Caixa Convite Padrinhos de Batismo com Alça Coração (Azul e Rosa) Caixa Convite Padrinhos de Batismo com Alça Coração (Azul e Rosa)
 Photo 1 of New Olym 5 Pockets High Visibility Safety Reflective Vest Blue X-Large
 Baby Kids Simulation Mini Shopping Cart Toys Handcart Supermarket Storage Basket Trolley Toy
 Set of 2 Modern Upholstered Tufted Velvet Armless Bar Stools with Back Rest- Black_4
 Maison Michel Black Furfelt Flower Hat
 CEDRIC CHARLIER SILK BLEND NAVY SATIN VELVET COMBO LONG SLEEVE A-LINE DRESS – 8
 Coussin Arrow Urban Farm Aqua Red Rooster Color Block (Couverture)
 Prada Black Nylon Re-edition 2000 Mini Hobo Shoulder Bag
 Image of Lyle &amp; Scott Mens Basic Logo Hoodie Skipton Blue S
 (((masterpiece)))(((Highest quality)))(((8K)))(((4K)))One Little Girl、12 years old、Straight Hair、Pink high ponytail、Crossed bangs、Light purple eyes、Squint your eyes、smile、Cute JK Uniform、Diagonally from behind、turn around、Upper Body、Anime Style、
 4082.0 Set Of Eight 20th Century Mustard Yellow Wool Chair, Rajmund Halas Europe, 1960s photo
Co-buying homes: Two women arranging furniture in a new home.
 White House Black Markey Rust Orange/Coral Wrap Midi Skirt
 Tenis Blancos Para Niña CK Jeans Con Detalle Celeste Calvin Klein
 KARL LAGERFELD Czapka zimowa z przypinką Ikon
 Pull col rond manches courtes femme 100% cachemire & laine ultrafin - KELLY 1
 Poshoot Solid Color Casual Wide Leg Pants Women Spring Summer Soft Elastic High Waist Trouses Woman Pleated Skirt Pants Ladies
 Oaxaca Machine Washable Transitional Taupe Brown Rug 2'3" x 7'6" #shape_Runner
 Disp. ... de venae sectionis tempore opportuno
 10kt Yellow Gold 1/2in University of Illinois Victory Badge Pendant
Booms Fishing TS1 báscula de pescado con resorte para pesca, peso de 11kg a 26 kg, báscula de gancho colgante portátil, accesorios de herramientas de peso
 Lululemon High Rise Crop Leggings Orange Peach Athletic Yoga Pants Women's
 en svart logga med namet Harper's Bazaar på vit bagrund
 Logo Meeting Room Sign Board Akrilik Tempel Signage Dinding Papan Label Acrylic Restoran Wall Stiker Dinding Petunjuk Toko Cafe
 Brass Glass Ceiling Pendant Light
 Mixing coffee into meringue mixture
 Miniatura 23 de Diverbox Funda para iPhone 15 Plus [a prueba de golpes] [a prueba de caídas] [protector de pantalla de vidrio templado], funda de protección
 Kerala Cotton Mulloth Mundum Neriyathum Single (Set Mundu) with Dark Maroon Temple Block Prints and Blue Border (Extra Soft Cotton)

════════

_Work request:_
Starting at the top of the data above, repeat every line exactly until the line containing "Maison Michel Black Furfelt Flower Hat" has been given, then stop.

_Answer:_
Caixa Convite Padrinhos de Batismo com Alça Coração (Azul e Rosa) Caixa Convite Padrinhos de Batismo com Alça Coração (Azul e Rosa)
 Photo 1 of New Olym 5 Pockets High Visibility Safety Reflective Vest Blue X-Large
 Baby Kids Simulation Mini Shopping Cart Toys Handcart Supermarket Storage Basket Trolley Toy
 Set of 2 Modern Upholstered Tufted Velvet Armless Bar Stools with Back Rest- Black_4
 Maison Michel Black Furfelt Flower Hat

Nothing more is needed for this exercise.